= Prompt =
The answer is the line with "Sciamadde di ieri" and every line after it to the end of the listing, retyped exactly. Pictures do not belong in it.

= Source material =

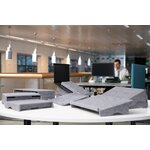 BNETOP320CLGY_Ergo-Top320-CircularGrey_BakkerElkhuizen_U03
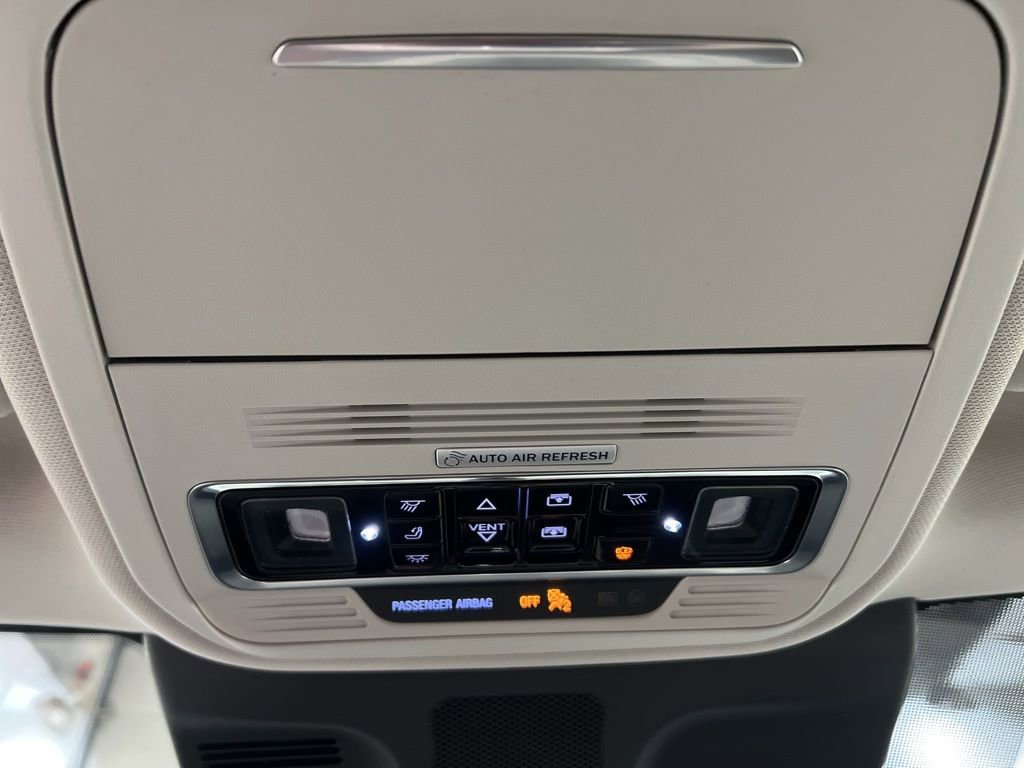 New 2026 Lincoln Navigator Reserve w/ Jet Appearance Package image 28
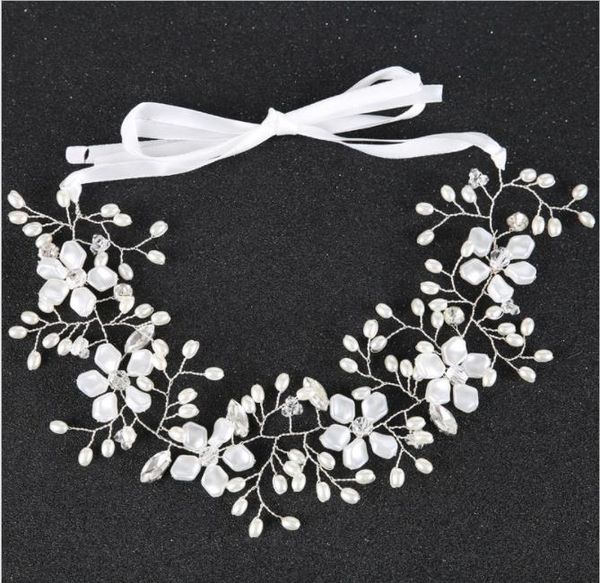 

свадебные цветы ручной работы с жемчугом, волосы, свадебные платья, прически, аксессуары и аксессуары, Slivery;golden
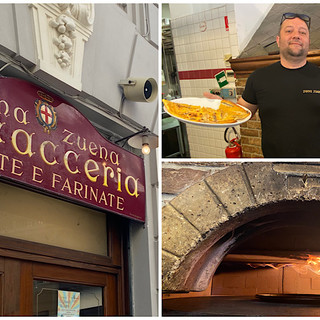 Sciamadde di ieri e di oggi - Zena Zuena, dove la tradizione incontra la voglia di sperimentare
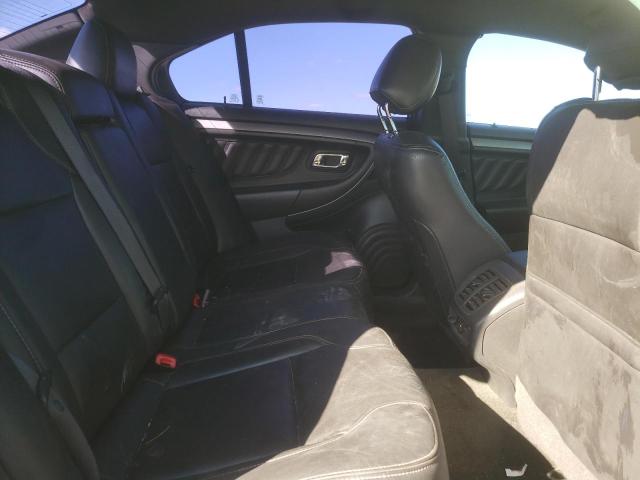 Photo 6 from auction – 2013 FORD TAURUS SEL with VIN 1FAHP2E82DG206156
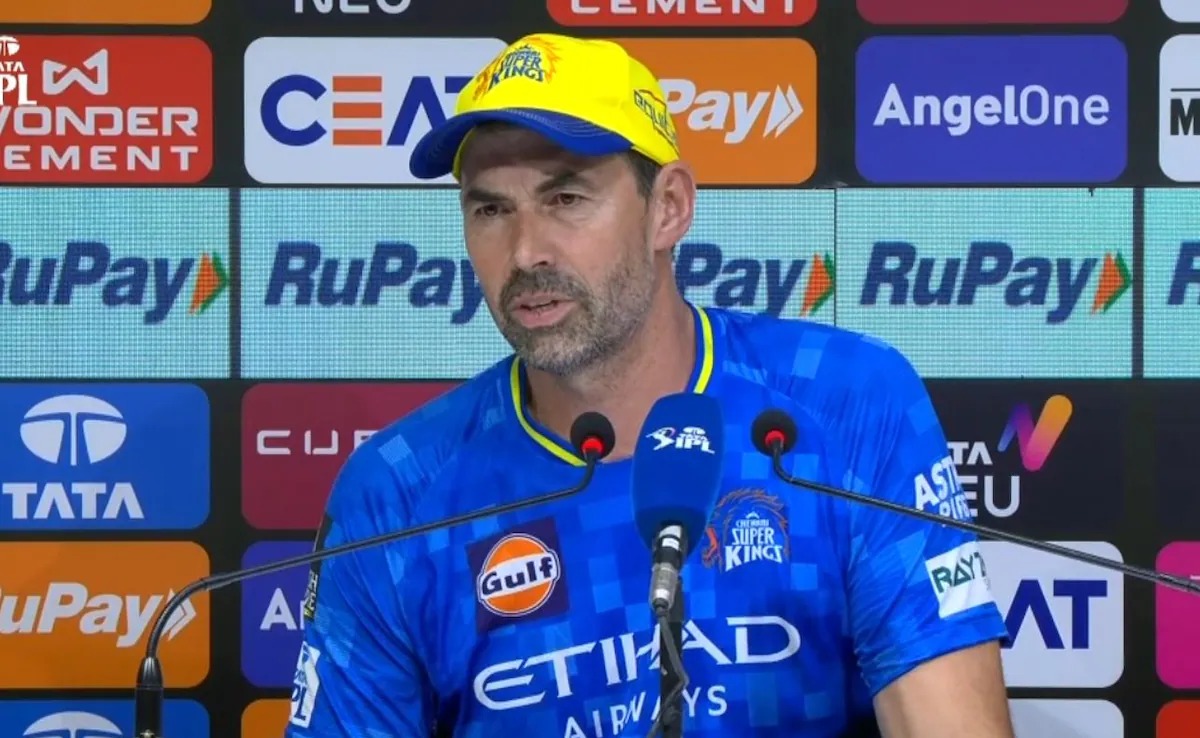 ipl 2026 Head Coaches batting and bowling coach Support Staff - Photo Gallery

= Answer section =
 Sciamadde di ieri e di oggi - Zena Zuena, dove la tradizione incontra la voglia di sperimentare
 Photo 6 from auction – 2013 FORD TAURUS SEL with VIN 1FAHP2E82DG206156
 ipl 2026 Head Coaches batting and bowling coach Support Staff - Photo Gallery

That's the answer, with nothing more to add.